Sena needs a planarian’s art of survival

A live abstraction whose meaning may be equally difficult to decipher for the untrained and the expert eye.

If the Maharashtra political crisis were to be drawn on a canvas as a work of art, it would probably resemble a Jackson Pollock coming to life in front of our eyes: moving dots and lines and squiggles of varied colours, clustering in one location, then dissolving and regrouping elsewhere, ad infinitum. A live abstraction whose meaning may be equally difficult to decipher for the untrained and the expert eye. But in the hurly-burly of the real world, there exist places like Dadar and Thane, and Goa, Gujarat and Guwahati—not to mention Chowpatti, as the voluble Sanjay Raut of the rump Shiv Sena reminds us.

In terms of realpolitik, some baselines are clear enough. Uddhav Thackeray may have exhibited some genuine courage in trying to take the Shiv Sena legacy into uncharted waters, but he was riding on inherited legitimacy. He had neither created for himself the aura of an Übermensch like his father, the redoubtable Bal Thackeray, against whose word not just party faithful but even the ordinary Mumbaikar would not dare to budge nor had he worked anew in the field to set up his own networks of loyalty at the grassroots.

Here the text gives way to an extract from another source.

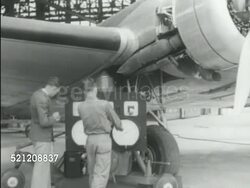 MOT 1939: OHIO: WRIGHT FIELD: Â“Wright Field, US ArmyÂ” chain-link fence sign w/ barbed-wire strips top. WS Two US Army Air Corps mechanics, engineers w/ equipment next to large twin-engine aircraft parked outside hangar, MS Men using testing equipment. Instructional Video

The Shiv Sena, born in 1966 as a disruptive-subversive force, is itself facing a near-unstoppable moment of disruption and subversion. It has performed three substantial roles during its life in Maharashtrian (and Indian) politics. One was when it was advanced as a cat’s paw by Indira Gandhi to break the Left’s labour strongholds in the industrial Bombay of the Seventies. Two, by blending this with the raw, nativist idiom of its invention that is now all over India. This called on the old Maratha pride and took the state away from its cosmopolitan, trade-based history of the last two-three centuries. Third, when it merged the above with the saffron politics of the BJP. As India’s constitutional system resolves its own legal quagmires—about the Fifty-second Amendment aka the Anti-Defection Law, about the role of the Governor and the Speaker et al.—that third part seems in danger of having devoured the whole.